La storia dei Grindhouse, come recita la loro bio (che potete leggere per intero sul sito web della band), nasce nel 2006, all’alba del trasferimento in terra siciliana del chitarrista Piero Ventimiglio. Le susccessive frequentazioni della scena musicale locale portarono Ventimiglio a stringere amicizia con Stefano Martolini – anch’egli chitarrista – e successivamente alla fondazione di una tribute band degli Iron Maiden.
Dopo aver incrociato le strade con un terzo chitarrista Ventimiglio, Martolini e la new entry Giorgio Calabrese si decisero a mettere in piedi una vera e propria band con l’obiettivo di cimentarsi nella stesura di brani originali.
Una volta assoldati Francesco Missale e Andrea Cicero, rispettivamente basso e batteria, l’ultimo tassello riguardava la scelta del cantante: il 2013 fu quindi l’anno dell’annuncio della collaborazione con Michael Bormann e dell’inizio delle registrazioni di “Chapter One”.
Il debut album della band italo tedesca, in quattro parole, si compone di nove canzoni di puro e fottuto hard ‘n’ heavy a base di riff metallici, ritmiche lineari ma efficaci e tostissime linee vocali intonate dalla sempre notevole ugola dell’ex Jaded Heart.
La travolgente opener “After Midnight”, apre le danze come meglio non si potrebbe, degnamente seguita dall’imprevedibile ma riuscitissima cover “Ain’t Nobody” (un classico della disco music firmato Chaka Khan) e dalla successiva “The Stunt”; tuttavia è l’intero album nel suo complesso a farsi valere per energia ed ispirazione,pur rimanendo entro i canoni di un genere ultra collaudato.
Tra gli episodi migliori vale assolutamente la pena di citare “The Enemy”, notturna e insinuante, valorizzata dai formidabili cori di scuola Fair Warning/Jaded Heart, la scanzonata “Nothing’s Gonna Stop Me” – dai gustosi accenti street/glam – e la spettacolare “Wild Dusk”, nella quale il rifferama funky stempera presto in un notevole crescendo melodico di marca Baton Rouge.

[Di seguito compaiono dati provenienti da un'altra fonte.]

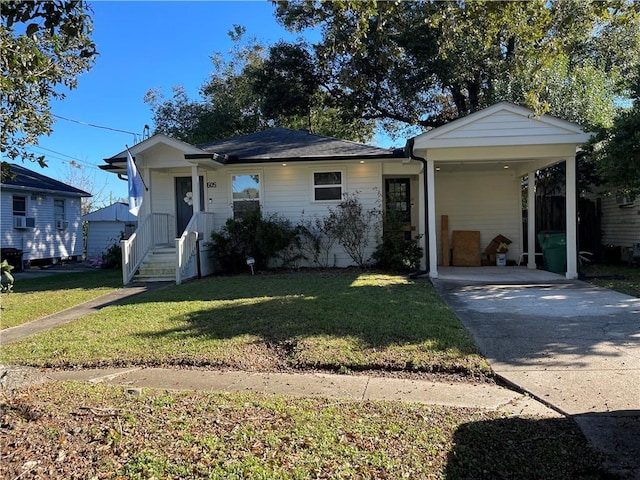 view of front of house with a carport, cooling unit, and a front lawn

Il resto della tracklist propone, in ogni caso, una manciata di tracce a loro modo gustose seppur non ai livelli dei picchi di maggior valore contenuti in “Cahpter One”, dalla punkeggiante “The Way Out” fino alla Danger Danger-iana “What A Night”, passando per una “Titty Twister” molto orecchiabile e divertente.
Che dire? Una bellissima sorpresa da parte di un gruppetto di musicisti nostrani, con il plus costituito dalla partecipazione di un vocalist d’eccezione: per tutti i patiti dell’hard rock di tre decadi orsono, un ascolto consigliatissimo.